The scene transforms, still in the street, to the Eisenstein’s dining room where Rosalinde and Alfred dine tête-à-tête.  Sean Pannikar is also excellent as the annoying tenor.  It’s all very fast paced and physical with Damrau and Pannikar having lots of fun both before and after the arrival of Frank.  Of course we also have the slapstick scene with Dr. Blind (Kevin Connors) and the context setting by Dr. Falke (Markus Brücke) but it’s mostly setting up things to come. There also appears to be something going on upstage with more bat dancers but it’s really not captured on the video.

Act 2 is classic Kosky.  There are tons of people on stage and it’s all very colourful and very kinetic.  It reminded me a bit of his Saul at Glyndebourne though his Cleopatra’s Pearls at the Komische might be a better comparison.  Orlofsky is counter-tenor Andrew Watts in a sort of Baba the Turk outfit.  The silly scenes between the “chevalier” and the “marquis” are nicely done.  Konradi is again excellent and proves a great mover while Miriam Neumaier, as Ida, could have stepped straight out of a Berlin cabaret a hundred years earlier.

Damrau is brilliant as the “Hungarian countess”.  Her singing is splendid; including of course the Csárdás, and she’s really very funny.  Watts creates a suitably mad atmosphere and Winkler is more in evidence as the puppet-master.  It really does deserve the label “Dionysian” and that’s reinforced by a very frenzied version of the interpolated Unter Donner und Blitz polka; a holdover from the Schenk/Kleiber version.  Jurowski gets some really pacey but tightly controlled playing from the orchestra and the chorus is splendid.

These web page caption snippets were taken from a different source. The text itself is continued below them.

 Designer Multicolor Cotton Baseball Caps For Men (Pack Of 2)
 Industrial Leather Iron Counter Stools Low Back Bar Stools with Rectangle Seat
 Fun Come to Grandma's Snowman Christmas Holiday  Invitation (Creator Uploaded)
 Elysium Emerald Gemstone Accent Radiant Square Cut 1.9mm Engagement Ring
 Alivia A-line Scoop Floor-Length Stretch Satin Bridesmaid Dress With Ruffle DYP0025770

And so to Act 3.  Here the set has switched to a maze of skeletal gantries and stairways.  There’s the usual interpolated stuff for Frosch (there are actually six of them but only Max Pollak gets to do a comedy routine).  He’s a percussive dancer (something of a star in that world apparently) so we get several minutes of tap cheek slapping along with encouraging the audience to join in; clapping along etc.  I think I’d need a fair bit of Act 2’s champagne to find this amusing.  And then Frank appears in high heels, jewelled panties and pasties and proceeds to rummage around for his keys in his penis pouch.  Then he cleans his teeth so that he’s literally foaming at the mouth.  All this is spot lit and really rather revolting.

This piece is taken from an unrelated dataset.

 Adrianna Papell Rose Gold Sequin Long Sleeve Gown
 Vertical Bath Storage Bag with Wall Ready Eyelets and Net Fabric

It gets better though when Ida and Adele arrive and Neumaier reveals herself to be rather athletic while Konradi puts on a coloratura display of real quality.  The denouement is nicely staged and acted and Damrau, Pannikar and Nigle do a really good job with the Terzett.  Watts closes things out very effectively in a rather striking dress.

Basically I really like the production apart from the first few minutes of Act 3 which seem to pass for humour in Bavaria.  It does what Kosky and Jurowski say they are trying to do.  It’s fast paced, wild, Dionysian, colourful and stomps all over bourgeois norms.  It also makes excellent use of dance; terrific dancers choreographed by Otto Pichler.  The performances, especially, Damrau and Konradi, are really very good.

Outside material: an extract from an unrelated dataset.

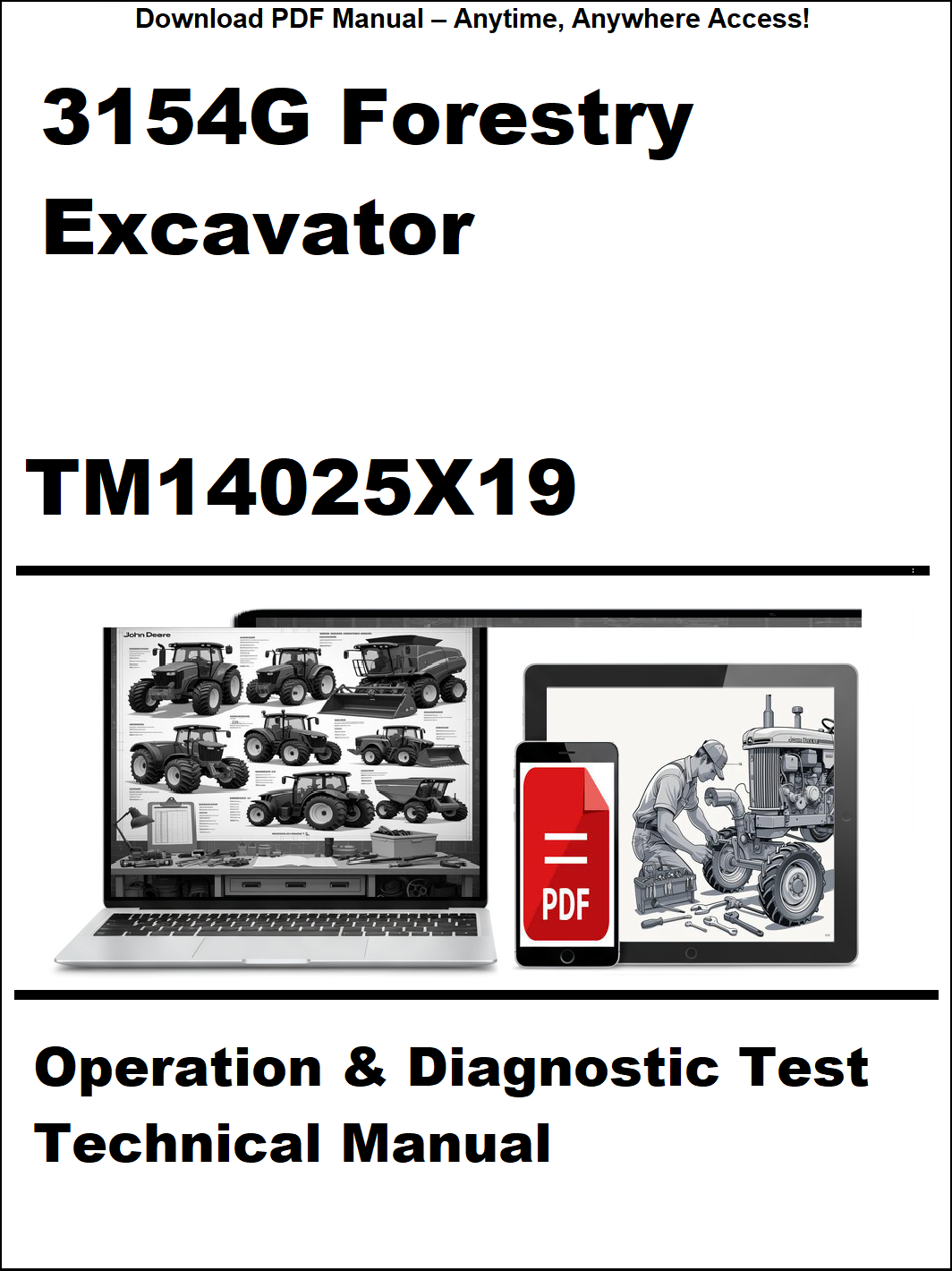 Cover of a technical manual for a forestry excavator with a laptop and diagnostic tool icon.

Video direction is by Myriam Hoyer and it’s OK.  I did feel there were too many closeups during the “crowd scenes” in Act 2 and something was clearly missing in Act 1.  I watched on DVD (Blu-ray is available) and picture and both stereo and surround sound tracks are fine.  Besides the interview already mentioned there’s a synopsis and track listing in the booklet.  Subtitle options are German, English, French, Korean and Japanese.

This is an interesting and worthwhile disk but I still think I prefer Stephen Lawless’ Glyndebourne version, also conducted by Jurowski.